Rivals for the Democratic presidential nomination are exhibiting deep differences on the war with Iraq, as some in the party worry about political fallout from an anti-war position.

"No Democrat will be elected if they do not convince the American people they will keep them safe," warned Connecticut Sen. Joe Lieberman.

Lieberman was joined by former Vermont Gov. Howard Dean and activist Rev. Al Sharpton at a fund-raising dinner Thursday for more than 500 hard-core party activists.

Sharpton and Dean got loud cheers for their anti-war stance, while Lieberman got a polite response and the occasional shout of "no war" from the back of the room.

A war against Iraq is far less popular among Democratic activists who will settle important early contests in states like Iowa and New Hampshire than among voters as a whole. The Democratic field has been focused on the issue, and arguments against war have gotten a more enthusiastic response.

Jeff Woodburn, a former New Hampshire Democratic chairman and a Lieberman backer, said "it's been difficult to get the activists" to support Lieberman because of the issue, though he predicted it was just a phase.

Dan Harkinson, a backer of North Carolina Sen. John Edwards, said: "I think the war is going to happen and I think the primary is going to happen. There are so many candidates and so much to talk about that it's all going to come into play."

Caroline French, another New Hampshire activist, said that if the debate moves the party to the left, so be it.

"The party has been nudged too far to the right," she said. "The right hasn't worked, so the left is where we need to be."

Dean has been taking that approach. "Our party has supported this president too much," he said. "I want to bring this party back to its roots."

Dean got an ovation Thursday by blasting Bush's threat to disarm Iraq by force, calling it "a unilateral action against a country that doesn't present an immediate threat."

Sharpton said Bush was putting the nation's young at risk while giving tax breaks to wealthy friends. "We must have equal sacrifice and equal patriotism," he said.

Lieberman defended his hawkish stance on war with Iraq. "No Democrat will be elected if they have not convinced the American people they will keep them safe," he said.

Two of the candidates referred to the disputed 2000 presidential election, a topic which still fires up activists.
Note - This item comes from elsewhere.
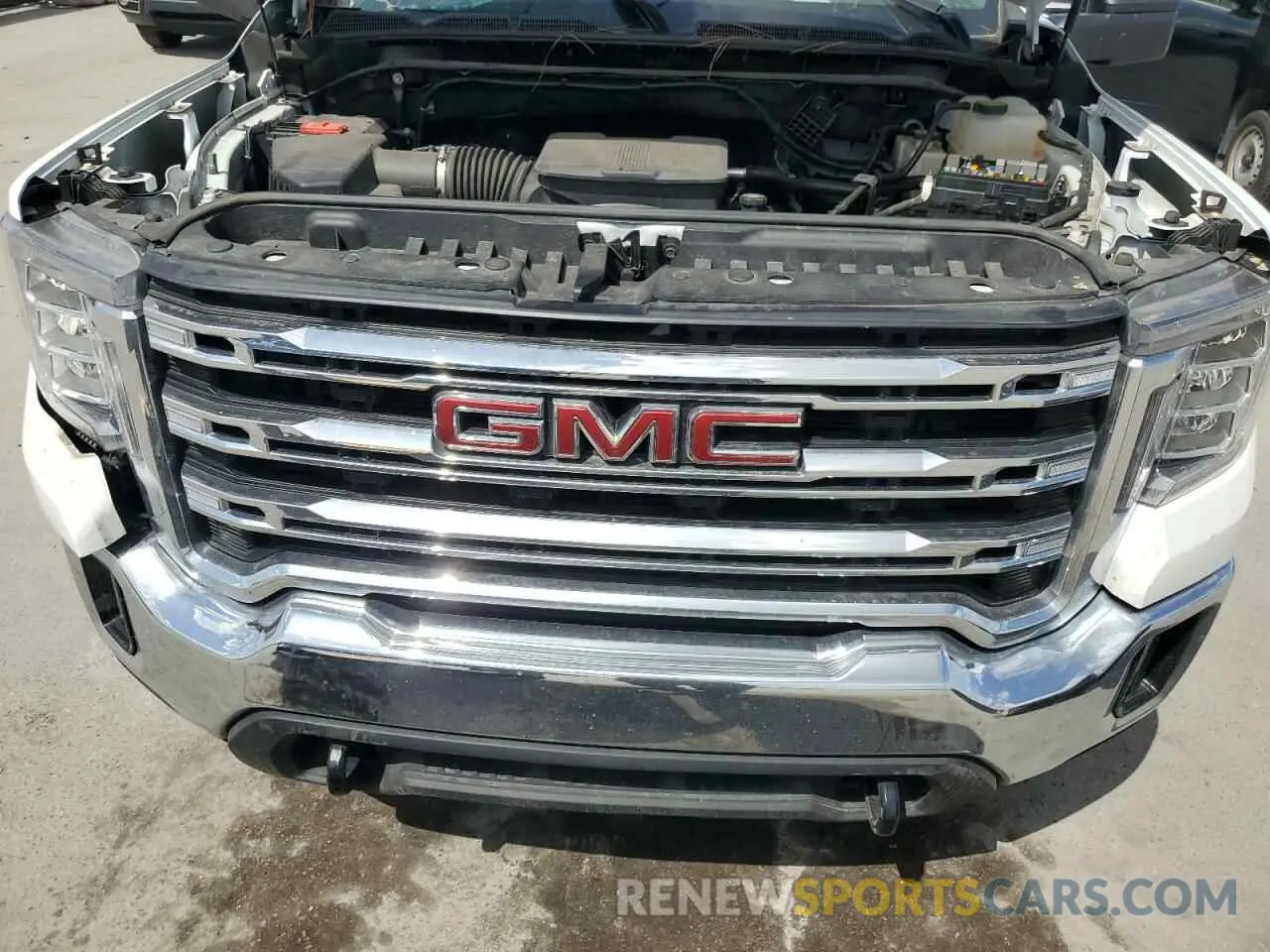 11 Photograph of a damaged car 1GT58ME71NF215631 GMC SIERRA 2022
Bush "is the personification of a set-aside program," said Sharpton. "In 2000, the Supreme Court set aside a whole election to make him president."

Lieberman, the party's vice presidential candidate in 2000, said: "I know how to beat George Bush. Al Gore and I did in 2000."

Edwards and former Illinois Sen. Carol Moseley-Braun were also invited to the dinner Thursday, but they declined, citing schedule conflicts.

Most polls have shown Sen. John Kerry from neighboring Massachusetts with an early lead in New Hampshire, which holds its Democratic primary Jan. 27. Other candidates in the race are Missouri Rep. Dick Gephardt, Ohio Rep. Dennis Kucinich and Florida Sen. Bob Graham, who filed papers Thursday to begin raising money for a full-fledged campaign.